- Excerpted data:
※ ※ ※

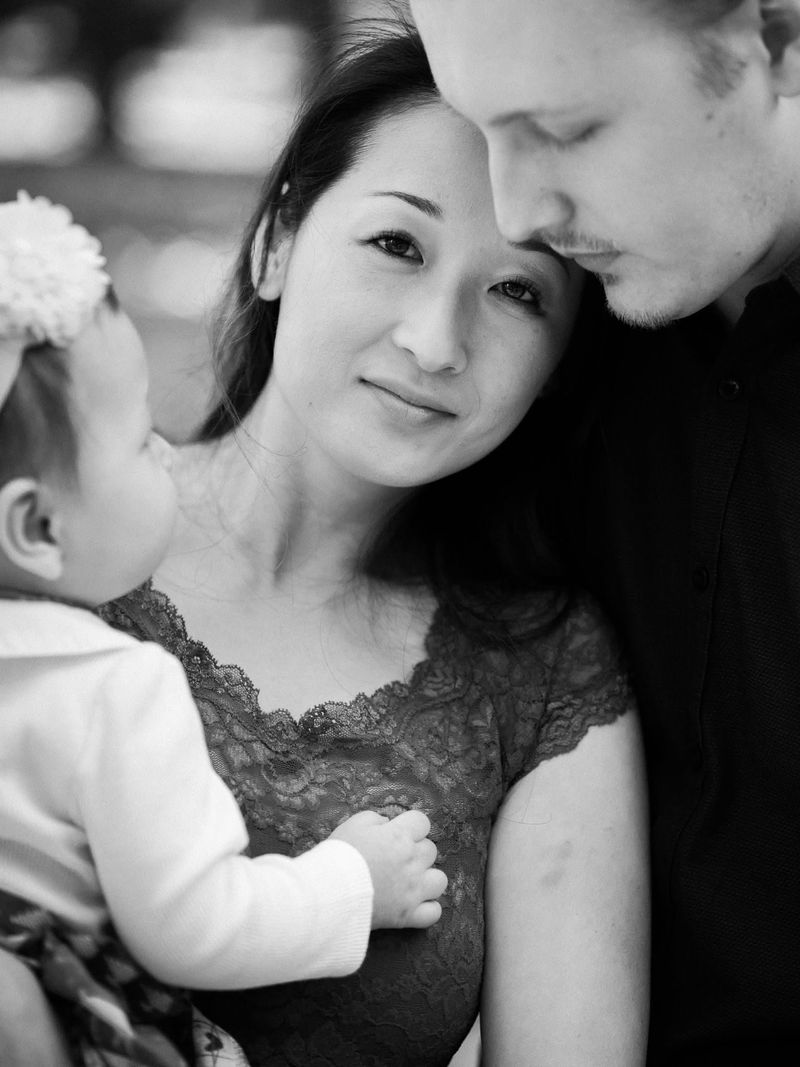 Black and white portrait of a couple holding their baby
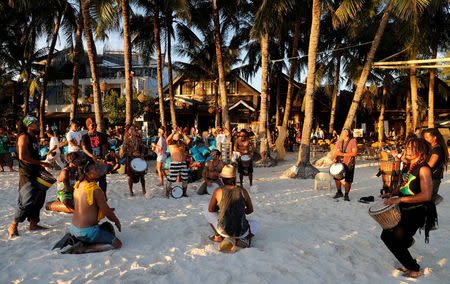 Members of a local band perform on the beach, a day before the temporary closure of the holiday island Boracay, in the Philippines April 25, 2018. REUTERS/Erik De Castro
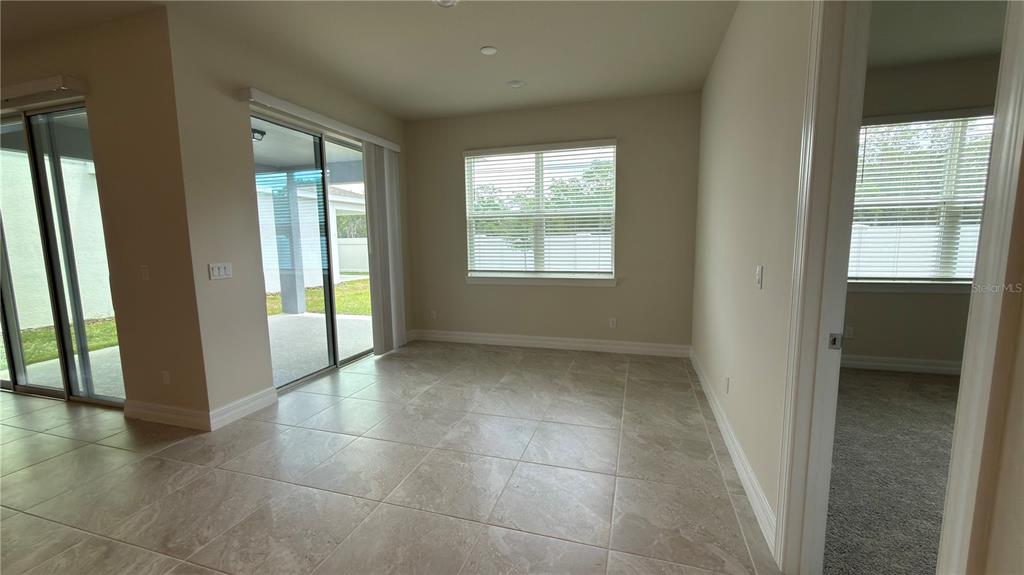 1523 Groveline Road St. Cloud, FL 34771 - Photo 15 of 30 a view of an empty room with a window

※ ※ ※

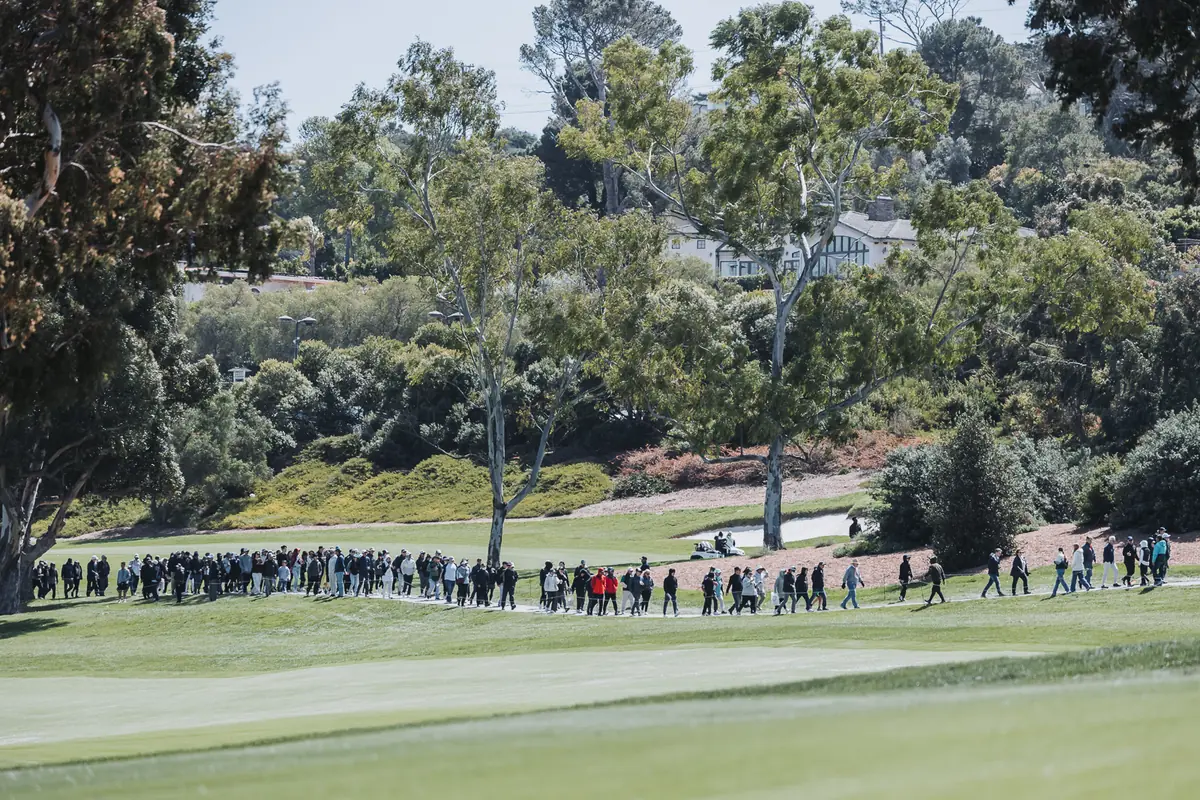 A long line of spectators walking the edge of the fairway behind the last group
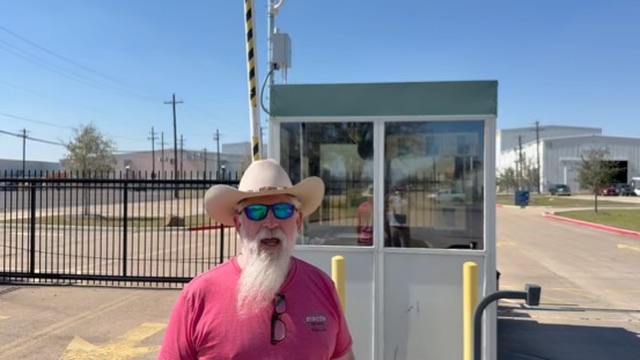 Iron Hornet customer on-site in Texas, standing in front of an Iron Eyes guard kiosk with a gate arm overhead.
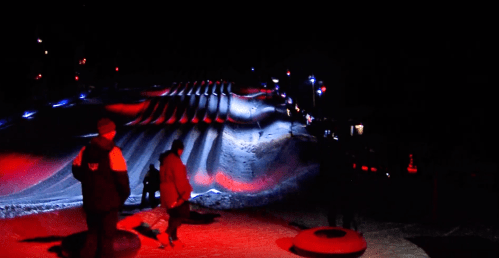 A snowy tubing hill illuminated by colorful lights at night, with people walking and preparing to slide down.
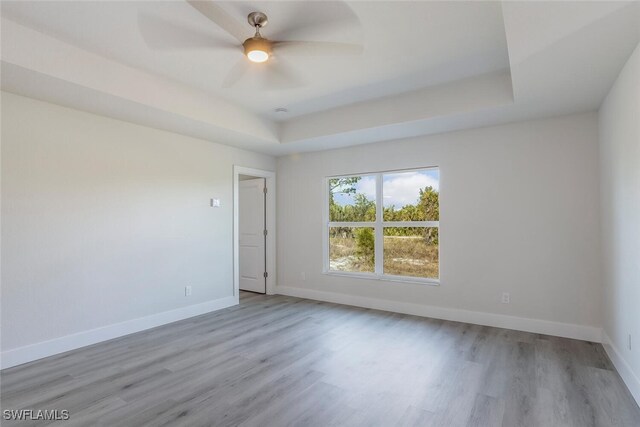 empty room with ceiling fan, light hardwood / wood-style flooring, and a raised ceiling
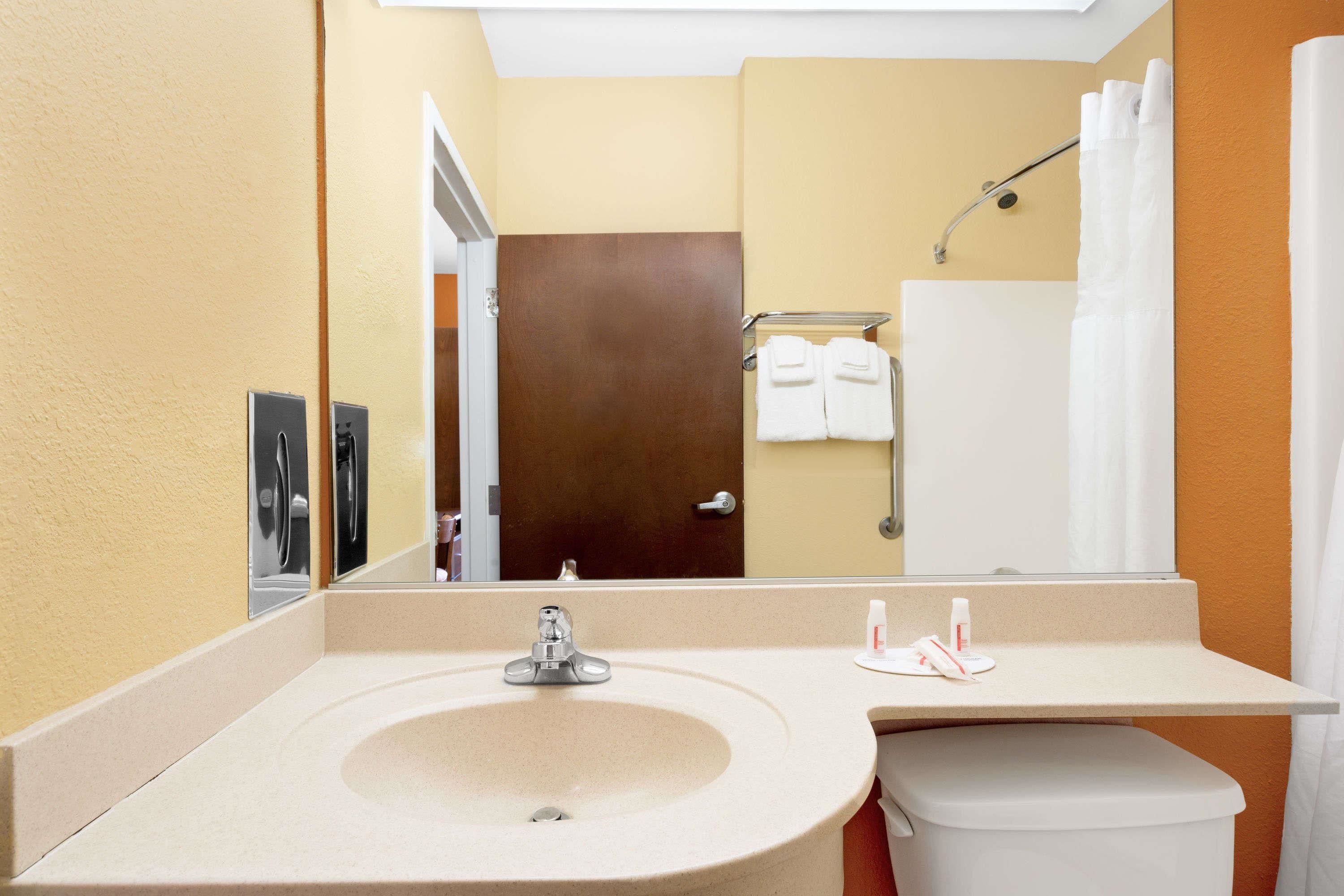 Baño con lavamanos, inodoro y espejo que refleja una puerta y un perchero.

※ ※ ※

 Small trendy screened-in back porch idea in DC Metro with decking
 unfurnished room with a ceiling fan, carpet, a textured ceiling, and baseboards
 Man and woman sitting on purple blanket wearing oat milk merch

※ ※ ※

- To do: Exactly reproduce the lines above, starting at the one that contains "Black and white" and ending at the one that contains "Members of a", both inclusive; leave the pictures out and add no other lines.

- Completed task:
 Black and white portrait of a couple holding their baby
 Members of a local band perform on the beach, a day before the temporary closure of the holiday island Boracay, in the Philippines April 25, 2018. REUTERS/Erik De Castro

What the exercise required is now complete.